Craft may have a future because of the intervention of that nonprofit. But the larger issue is that many of Detroit’s schoolchildren–and many black schoolchildren throughout the nation–cannot read. And not all are dyslexic.
Disparities
The Brookings Institute has highlighted seven areas of racial disparity in education that negatively affect the vast majority of black American children:
- School readiness gaps are improving, but not for black children.
- Misbehavior in school can pay off for white students, but not for black students.
- Teacher-student racial mismatch harms black students.
- White and Asian students are more likely to be exposed to advanced classes.
- Gaps remain in high school completion rates.
- College enrollment rates are similar, but not rates of college completion.
- Black and white students do not attend colleges of equal quality (in terms of alumni earnings).
Here’s an excerpt from the Brookings article below.
School readiness gaps are improving, except for black kids
As Richard Reeves details, a 2015 paper by Sean Reardon and Ximena Portilla demonstrates that inequality in school readiness–in terms of math, reading, and behavior–declined quite significantly between 1998 and 2010, but that progress in terms of closing race gaps was uneven.

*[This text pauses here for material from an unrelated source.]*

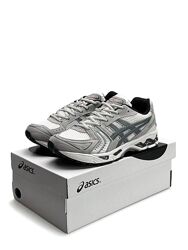 Кросівки чоловічі ASICS Gel-Kahana 14 Light Grey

While Hispanic-white differentials in school readiness have narrowed, the black-white gap has shown much less movement, and that movement is not statistically distinguishable from zero.
Misbehavior in school can pay off for white, but not black students
On the Chalkboard, Nicholas Papageorge summarizes his research that finds some non-cognitive skills that manifest as childhood misbehavior in the classroom, such as aggression, are also predictive of higher earnings later in life. He finds, however, that this benefit is limited to children who do not come from low-income families. And preliminary evidence shows that for the same levels of externalizing behaviors, African American children face higher earnings penalties than white children.